Dr. Bouthaina Shabaan Connects the Dots, October, 2017/ via Vanessa Beeley

“What did we learn from this vicious war against Syria, during which the Syrian Army, its allies, and friends held fast, giving hundreds of thousands of martyrs, wounded, displaced, and untold destruction? What did the Arab World learn from similar western-terrorist wars against Iraq, Libya, Yemen, and Sudan? What did the Arabs learn from the suffering of the Palestinian people, whose experience in the struggle against racist colonial zionists is comparable only to the struggle of the people of South Africa against apartheid? Did the ongoing battles prevent everyone from learning lessons, and therefore events might replicate themselves year after year? These questions and many others need to be asked today, now that all our expectations about the nature of the war on Syria turned out to be true, especially about those who funded and facilitated terrorism and propagated it in the media under the guise of democracy and human rights, while the main goal was to destroy the structures of the state in Syria, Iraq, Yemen, and Libya. If these questions were not posed, we will remain stuck in a vicious cycle, constructed by those who change their plans, but do not change their objectives of looting our wealth, carving up our geography, and destroying our civilisational identity, with the hope of eliminating the Palestinian cause and the role of the Arabs in the region and the world once and for all.
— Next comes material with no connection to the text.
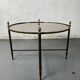 Round coffee table in brass and smoked glass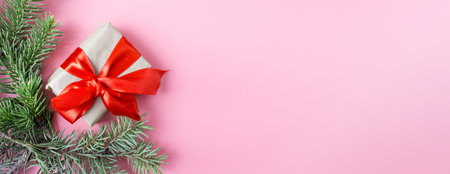 Christmas and New Year's layout on pink background. Postcard made from fir branches and gift box. top view. flat lay. copyspace.の写真素材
Did we have to wait until today to learn that tens of thousands of foreign terrorists crossed the Turkish, Jordanian, and Lebanese borders into Syria, funded and armed by Saudi Arabia and Israel? Did we have to wait the nearing of their defeat in order to prepare accurate studies about their nationalities and the parties that funded them and sponsored them to reach their destination? Did we have to wait and see how ISIS hands over its positions in Raqqa and Deir al-Zor to US forces and the SDF mercenary, or did we need to examine carefully how ISIS handed its territory to the Peshmerga years ago without a fight? Should these events, after they were proven as facts, remain up for media debate, or should they become legal cases to be raised in internal and subsequently international tribunals against the parties involved in this overreaching criminal act? The question is how could this have been done in the past, and how could it actually be done in the future?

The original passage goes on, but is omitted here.